Admissions Frequently Asked Questions

General Questions


Physician Shadowing


Admissions Process

Personal Statements

Letters of Recommendation

The Interview


If you applied to UW School of Medicine and were not offered an interview, you are likely missing something in one or more of the following:

Motivation: You may have told us what got you interested in medicine in the first place. That was your inspiration. Take that to the next level and tell the screeners what keeps you interested and why you are drawn to a career in medicine. Inspiration is the first step in motivation, but motivation should also be informed by additional exploration and life experiences to show that you have gone beyond "wow…that's amazing" to thinking about how and why medicine might be gratifying for you.

Clinical Exposure: The screeners are trying to assess your understanding of what you are getting into, both positives and negatives about being a doctor. Your understanding can be demonstrated through what you write about your exposure to doctors and what you learned shadowing them. If all you learned was procedures or that all doctors are dedicated, your reflections aren't sufficiently nuanced. When you just include a list of who you shadowed, we have no way of assessing your understanding.

Service: The practice of medicine requires dedication and a willingness to be there for someone else. We expect to see a consistent record of service over time, not just one service activity completed as part of an organization- like staffing a fund-raising event. We also expect to see some reflection of how you were affected by helping others or seeing what they were struggling with.

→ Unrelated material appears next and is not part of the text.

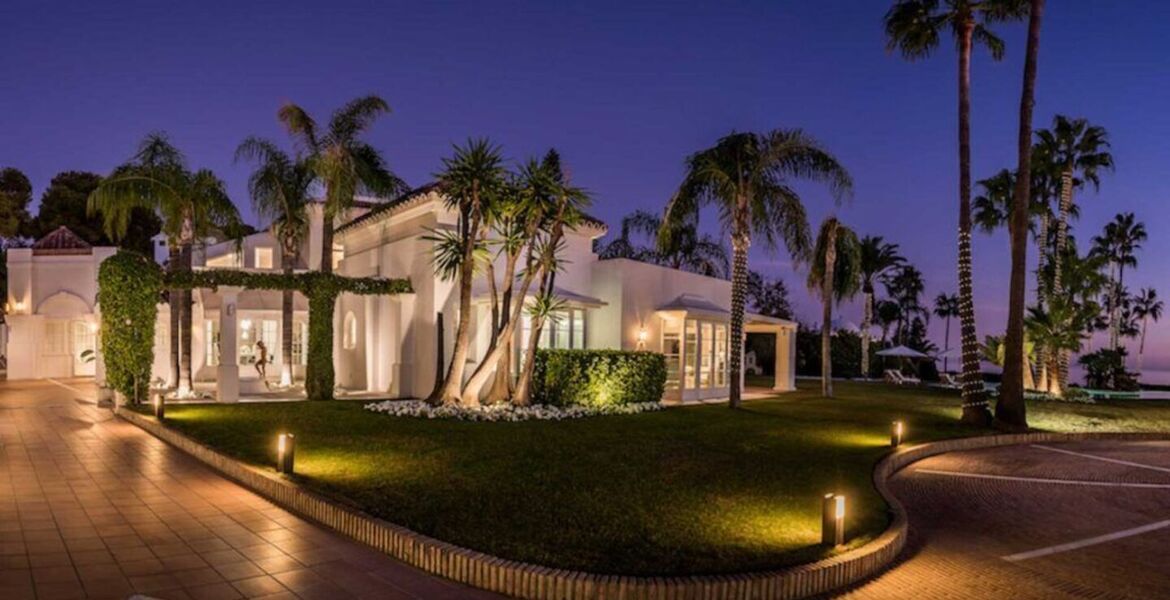 Luxury Villa in front of the beach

Academics: Check out the MCAT/GPA tables on the AAMC website. They show data concerning the academic metrics associated with being admitted, passing licensure exams, and finishing medical school. These charts are based on the "old MCAT", but if you took the "new MCAT" you can convert your percentile score into an "old MCAT" score and see where your metrics fit.

Leadership: Think about whether you have engaged in leadership in the form of heading a team, responsibility for others, organizing something, adding an important idea that facilitates change in an organization, or starting something new. The screeners would like to see what you learned from being a leader as well as what you think makes a good leader.  Was there anything difficult for you being a leader?   

Letters of Recommendation: It is unusual that a letter of recommendation says something negative. Most are good; some are glowing. Therefore, it's rare that letters weigh heavily on a screening decision.

In summary, you need to write clearly about what you've discovered to make the case to others that medicine is a well-thought out career choice. Schools are looking for reasons that your goals can only be accomplished if you become a physician. For example, if you mention the privilege of helping people improve their lives, tell us why you have to be a doctor to do that, rather than a teacher, minister, social worker, or nurse. In what unique ways do doctors help people improve their lives?